(Scraped caption text data)
((
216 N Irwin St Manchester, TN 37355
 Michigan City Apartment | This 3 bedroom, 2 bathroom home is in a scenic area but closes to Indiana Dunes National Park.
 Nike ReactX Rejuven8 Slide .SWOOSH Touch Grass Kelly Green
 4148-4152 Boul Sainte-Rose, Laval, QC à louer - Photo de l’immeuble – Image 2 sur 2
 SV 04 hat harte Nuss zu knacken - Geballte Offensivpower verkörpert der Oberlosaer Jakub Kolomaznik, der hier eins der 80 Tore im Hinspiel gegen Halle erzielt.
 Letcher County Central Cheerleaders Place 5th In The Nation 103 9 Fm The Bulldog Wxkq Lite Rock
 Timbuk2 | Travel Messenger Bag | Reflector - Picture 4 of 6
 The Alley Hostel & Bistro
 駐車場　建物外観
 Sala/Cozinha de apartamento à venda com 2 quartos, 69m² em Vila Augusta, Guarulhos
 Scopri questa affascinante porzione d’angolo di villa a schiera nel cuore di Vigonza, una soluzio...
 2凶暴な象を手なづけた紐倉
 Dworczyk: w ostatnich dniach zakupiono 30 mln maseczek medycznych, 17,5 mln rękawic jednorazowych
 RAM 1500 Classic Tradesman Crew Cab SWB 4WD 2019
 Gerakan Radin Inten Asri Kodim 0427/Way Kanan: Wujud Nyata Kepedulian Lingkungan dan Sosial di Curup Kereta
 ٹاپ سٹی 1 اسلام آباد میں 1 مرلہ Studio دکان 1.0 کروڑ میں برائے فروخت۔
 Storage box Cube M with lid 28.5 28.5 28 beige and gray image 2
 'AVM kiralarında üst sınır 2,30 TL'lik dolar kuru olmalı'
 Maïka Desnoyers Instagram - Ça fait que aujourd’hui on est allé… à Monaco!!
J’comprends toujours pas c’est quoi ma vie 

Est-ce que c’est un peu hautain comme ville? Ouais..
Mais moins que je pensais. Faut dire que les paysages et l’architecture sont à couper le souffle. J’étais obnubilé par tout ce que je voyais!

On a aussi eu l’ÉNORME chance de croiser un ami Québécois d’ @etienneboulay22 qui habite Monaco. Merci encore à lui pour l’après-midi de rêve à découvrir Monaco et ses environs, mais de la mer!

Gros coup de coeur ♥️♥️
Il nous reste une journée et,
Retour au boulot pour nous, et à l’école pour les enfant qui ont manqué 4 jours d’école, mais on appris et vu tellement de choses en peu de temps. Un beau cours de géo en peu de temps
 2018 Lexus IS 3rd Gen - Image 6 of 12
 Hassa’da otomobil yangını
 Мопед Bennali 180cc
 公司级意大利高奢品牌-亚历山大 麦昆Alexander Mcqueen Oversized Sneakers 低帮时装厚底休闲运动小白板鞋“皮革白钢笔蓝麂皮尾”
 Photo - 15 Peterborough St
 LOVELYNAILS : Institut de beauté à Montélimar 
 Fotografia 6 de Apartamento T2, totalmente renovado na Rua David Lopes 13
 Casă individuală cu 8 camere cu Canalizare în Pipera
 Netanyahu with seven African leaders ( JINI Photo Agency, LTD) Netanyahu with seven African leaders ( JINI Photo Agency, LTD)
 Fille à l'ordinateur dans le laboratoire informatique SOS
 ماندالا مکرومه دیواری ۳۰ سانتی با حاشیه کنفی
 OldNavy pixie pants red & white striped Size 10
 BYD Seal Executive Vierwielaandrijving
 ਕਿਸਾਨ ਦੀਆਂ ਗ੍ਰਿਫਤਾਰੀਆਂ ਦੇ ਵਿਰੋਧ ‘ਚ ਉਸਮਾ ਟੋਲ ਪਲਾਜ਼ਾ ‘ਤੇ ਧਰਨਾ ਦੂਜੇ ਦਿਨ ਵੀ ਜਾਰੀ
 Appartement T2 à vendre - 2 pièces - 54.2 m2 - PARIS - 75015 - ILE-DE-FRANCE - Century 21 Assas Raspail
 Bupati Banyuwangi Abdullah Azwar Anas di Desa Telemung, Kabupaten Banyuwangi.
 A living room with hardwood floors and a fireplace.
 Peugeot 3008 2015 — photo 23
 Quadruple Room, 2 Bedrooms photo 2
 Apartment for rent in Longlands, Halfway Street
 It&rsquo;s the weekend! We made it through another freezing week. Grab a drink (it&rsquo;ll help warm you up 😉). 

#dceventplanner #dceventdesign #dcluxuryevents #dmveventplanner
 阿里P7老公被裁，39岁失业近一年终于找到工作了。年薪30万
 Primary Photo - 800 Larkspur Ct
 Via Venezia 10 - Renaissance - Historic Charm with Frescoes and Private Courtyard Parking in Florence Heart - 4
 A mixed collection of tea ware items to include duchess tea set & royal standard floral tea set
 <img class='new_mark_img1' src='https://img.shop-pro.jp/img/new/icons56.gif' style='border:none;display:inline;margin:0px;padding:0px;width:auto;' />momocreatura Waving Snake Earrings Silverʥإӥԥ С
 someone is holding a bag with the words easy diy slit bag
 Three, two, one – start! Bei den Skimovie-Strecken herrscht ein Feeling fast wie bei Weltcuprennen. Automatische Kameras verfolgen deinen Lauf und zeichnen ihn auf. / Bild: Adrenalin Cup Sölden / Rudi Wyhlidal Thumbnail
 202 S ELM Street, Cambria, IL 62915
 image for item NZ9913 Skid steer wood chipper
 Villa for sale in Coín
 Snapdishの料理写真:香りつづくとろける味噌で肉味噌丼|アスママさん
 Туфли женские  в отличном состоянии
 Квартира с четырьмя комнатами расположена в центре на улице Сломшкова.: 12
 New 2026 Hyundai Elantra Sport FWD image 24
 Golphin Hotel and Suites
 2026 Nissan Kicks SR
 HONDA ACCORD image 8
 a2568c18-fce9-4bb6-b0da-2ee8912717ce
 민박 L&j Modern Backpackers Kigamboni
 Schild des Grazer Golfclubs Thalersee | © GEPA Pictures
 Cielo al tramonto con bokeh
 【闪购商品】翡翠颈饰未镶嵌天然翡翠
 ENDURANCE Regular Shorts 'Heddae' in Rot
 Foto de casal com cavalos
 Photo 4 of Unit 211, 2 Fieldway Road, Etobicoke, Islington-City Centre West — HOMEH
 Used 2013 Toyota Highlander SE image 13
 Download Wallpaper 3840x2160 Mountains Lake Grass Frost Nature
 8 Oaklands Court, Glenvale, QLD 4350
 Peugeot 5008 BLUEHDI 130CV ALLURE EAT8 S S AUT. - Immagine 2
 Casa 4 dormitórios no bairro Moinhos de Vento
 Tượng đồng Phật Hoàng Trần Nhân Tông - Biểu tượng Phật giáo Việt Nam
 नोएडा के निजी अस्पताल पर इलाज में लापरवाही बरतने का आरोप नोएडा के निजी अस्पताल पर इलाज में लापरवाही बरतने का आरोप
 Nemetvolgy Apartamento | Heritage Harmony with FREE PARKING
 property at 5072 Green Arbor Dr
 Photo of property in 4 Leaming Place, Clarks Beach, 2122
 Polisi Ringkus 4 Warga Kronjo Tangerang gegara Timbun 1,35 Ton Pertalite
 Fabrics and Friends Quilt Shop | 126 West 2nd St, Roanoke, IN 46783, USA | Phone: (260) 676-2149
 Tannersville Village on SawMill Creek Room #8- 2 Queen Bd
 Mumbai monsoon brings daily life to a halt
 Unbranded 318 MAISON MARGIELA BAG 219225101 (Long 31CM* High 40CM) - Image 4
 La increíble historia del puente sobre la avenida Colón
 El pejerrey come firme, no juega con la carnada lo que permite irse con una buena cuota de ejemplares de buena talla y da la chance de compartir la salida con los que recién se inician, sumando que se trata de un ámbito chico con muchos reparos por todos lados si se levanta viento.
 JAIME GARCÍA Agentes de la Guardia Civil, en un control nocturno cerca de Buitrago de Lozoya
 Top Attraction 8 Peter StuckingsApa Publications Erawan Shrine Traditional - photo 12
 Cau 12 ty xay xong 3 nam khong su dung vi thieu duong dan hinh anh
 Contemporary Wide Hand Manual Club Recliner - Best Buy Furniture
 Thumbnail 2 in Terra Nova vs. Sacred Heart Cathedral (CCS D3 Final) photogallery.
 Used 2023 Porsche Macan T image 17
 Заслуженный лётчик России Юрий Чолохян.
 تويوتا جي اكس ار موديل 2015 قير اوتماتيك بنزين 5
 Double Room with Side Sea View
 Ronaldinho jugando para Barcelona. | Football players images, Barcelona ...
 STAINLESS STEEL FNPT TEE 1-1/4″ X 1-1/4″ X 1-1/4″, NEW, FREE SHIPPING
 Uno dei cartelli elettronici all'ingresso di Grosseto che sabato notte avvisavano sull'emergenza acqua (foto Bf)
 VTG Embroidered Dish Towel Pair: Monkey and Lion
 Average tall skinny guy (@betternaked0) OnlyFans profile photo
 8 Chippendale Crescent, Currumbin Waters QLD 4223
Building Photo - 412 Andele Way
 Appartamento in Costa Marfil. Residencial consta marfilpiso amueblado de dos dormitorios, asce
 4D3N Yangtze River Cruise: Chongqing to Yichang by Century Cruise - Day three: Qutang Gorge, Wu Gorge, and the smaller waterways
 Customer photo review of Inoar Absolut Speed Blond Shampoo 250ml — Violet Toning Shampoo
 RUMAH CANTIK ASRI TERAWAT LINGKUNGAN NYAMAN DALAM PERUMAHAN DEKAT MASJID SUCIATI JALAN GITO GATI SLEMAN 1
))
§ **Directions**
All lines from the one containing "تويوتا جي اكس" through the last line of the data, both included, are to be retyped exactly, and no other line belongs in the answer.

§ **Answer**
 تويوتا جي اكس ار موديل 2015 قير اوتماتيك بنزين 5
 Double Room with Side Sea View
 Ronaldinho jugando para Barcelona. | Football players images, Barcelona ...
 STAINLESS STEEL FNPT TEE 1-1/4″ X 1-1/4″ X 1-1/4″, NEW, FREE SHIPPING
 Uno dei cartelli elettronici all'ingresso di Grosseto che sabato notte avvisavano sull'emergenza acqua (foto Bf)
 VTG Embroidered Dish Towel Pair: Monkey and Lion
 Average tall skinny guy (@betternaked0) OnlyFans profile photo
 8 Chippendale Crescent, Currumbin Waters QLD 4223
Building Photo - 412 Andele Way
 Appartamento in Costa Marfil. Residencial consta marfilpiso amueblado de dos dormitorios, asce
 4D3N Yangtze River Cruise: Chongqing to Yichang by Century Cruise - Day three: Qutang Gorge, Wu Gorge, and the smaller waterways
 Customer photo review of Inoar Absolut Speed Blond Shampoo 250ml — Violet Toning Shampoo
 RUMAH CANTIK ASRI TERAWAT LINGKUNGAN NYAMAN DALAM PERUMAHAN DEKAT MASJID SUCIATI JALAN GITO GATI SLEMAN 1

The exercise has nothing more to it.